In a clear sign the pendulum is swinging the other way, this afternoon the FCC voted to reduce its regulatory power and put an end to net neutrality.  By repealing Obama era regulations governing Internet service providers (ISPs), government oversight will now return to a more "light touch" approach.  Anyone that has been online in the past few weeks has probably come across the dire predictions of advocates of these regulations.  When repealed, its argued, the internet will cease to be the open and free landscape that has fostered so much innovation.  The dystopian future would instead belong to monopolists who would shut down competition and nickel and dime customers for individual websites and essential services.  We believe this view to be both alarmist and completely unfounded.

Even though the repeal effort has been framed as a massive giveaway to large corporations, it's important to remember this is simply a return to pre-2015 regulations.  This means ISPs would no longer be subject to FCC oversight through "title II" rules under the Telecommunications Act of 1996.  Further, there was no evidence of widespread abuse by ISPs leading up to the new rules being adopted in 2015. The changes were instead made based on the theoretical chance that abuse could happen in the future, setting a dangerous regulatory precedent.  

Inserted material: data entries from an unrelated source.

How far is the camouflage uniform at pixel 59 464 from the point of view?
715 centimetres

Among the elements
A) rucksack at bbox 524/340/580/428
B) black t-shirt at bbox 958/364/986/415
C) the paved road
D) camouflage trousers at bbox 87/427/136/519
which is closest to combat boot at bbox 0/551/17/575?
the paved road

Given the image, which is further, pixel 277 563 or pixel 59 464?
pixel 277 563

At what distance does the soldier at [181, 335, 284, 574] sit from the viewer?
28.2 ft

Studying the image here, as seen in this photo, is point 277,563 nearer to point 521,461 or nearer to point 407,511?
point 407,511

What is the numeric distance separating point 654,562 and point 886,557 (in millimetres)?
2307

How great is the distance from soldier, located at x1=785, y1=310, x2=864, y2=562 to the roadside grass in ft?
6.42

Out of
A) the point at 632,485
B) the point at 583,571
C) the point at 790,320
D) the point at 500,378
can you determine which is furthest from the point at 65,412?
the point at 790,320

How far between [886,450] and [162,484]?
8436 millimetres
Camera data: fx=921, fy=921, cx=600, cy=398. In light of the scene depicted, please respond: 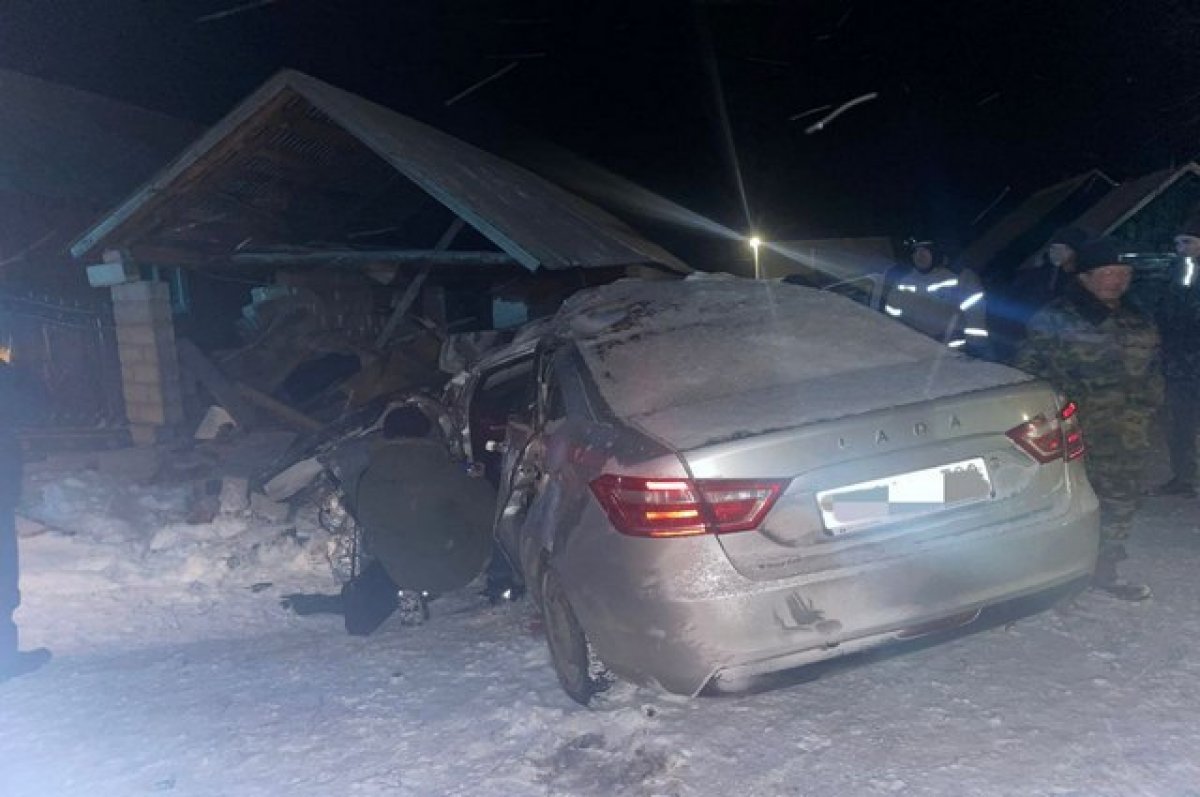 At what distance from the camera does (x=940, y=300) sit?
7.38 m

Many argue that any step that we can take to protect against bad behavior is worth taking.  However, regulation always has unintended consequences. The forgone opportunities from shifting resources from productive uses to compliance harms innovation and regulatory capture means more market power for the very companies that you set out to check.  In many cases, government taxes and regulations effectively limit competition.  Large incumbents can afford the costs of compliance while their smaller competitors can't.  Lobbyists don't come cheap either, and are able to ensure that new laws and regulations favor established ISPs.

Finally, a major reason there is only one ISP in many localities, raising the specter of monopoly in the first place, is the result of prohibitive costs imposed by local governments.  Companies must pay exorbitant amounts for "rights of way", the ability to run cable under public and private streets or buildings.  On top of this, exclusive licensing agreements that include kickbacks like expanding service where it's not demanded or providing free broadband to government buildings are business as usual.  These practices either reduce incentives for competitors to challenge the incumbent or keep them out altogether.  If the main goal is to keep bad behavior from happening, competition is the best solution, which means these local government practices need to be reformed.  Further, centralized approval of pricing and service plans through the FCC will inevitably slow down the rollout of alternative forms of internet delivery.  High speed satellite internet, for example, stands to benefit small and rural localities with no options the most.

Many advocates of net neutrality cite the goal of keeping the internet as a virtual "wild west."  It's ironic then that they're also the ones calling for the arrival of a sheriff.  Considering the FCC's institutional history of censorship, giving it control over the biggest innovation in the distribution of free and open information should also give pause.  Before net neutrality rules were adopted in 2015, internet access and speed for the average person had done nothing but expand and accelerate, and there's no reason to believe that will change after a repeal.  Further, FCC Chairman Ajit Pai deserves applause for being a rare example of a regulator working to reduce his own power. Markets and competition, not government, are what have driven the incredible innovation we have seen through the internet, and a repeal of these rules means that innovation is here to stay. 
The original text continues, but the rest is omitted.